* Work task
Every record that follows should be written out again without any change.
☆ ☆ ☆ ☆
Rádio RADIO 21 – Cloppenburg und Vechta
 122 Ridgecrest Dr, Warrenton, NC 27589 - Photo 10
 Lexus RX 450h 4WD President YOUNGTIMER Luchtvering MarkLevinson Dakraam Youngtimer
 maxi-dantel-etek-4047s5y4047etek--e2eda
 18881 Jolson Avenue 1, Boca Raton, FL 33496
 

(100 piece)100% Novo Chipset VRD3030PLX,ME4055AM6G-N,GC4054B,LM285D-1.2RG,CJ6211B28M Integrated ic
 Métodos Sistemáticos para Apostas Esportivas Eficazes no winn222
☆ ☆ ☆ ☆
* The completed task
Rádio RADIO 21 – Cloppenburg und Vechta
 122 Ridgecrest Dr, Warrenton, NC 27589 - Photo 10
 Lexus RX 450h 4WD President YOUNGTIMER Luchtvering MarkLevinson Dakraam Youngtimer
 maxi-dantel-etek-4047s5y4047etek--e2eda
 18881 Jolson Avenue 1, Boca Raton, FL 33496
 

(100 piece)100% Novo Chipset VRD3030PLX,ME4055AM6G-N,GC4054B,LM285D-1.2RG,CJ6211B28M Integrated ic
 Métodos Sistemáticos para Apostas Esportivas Eficazes no winn222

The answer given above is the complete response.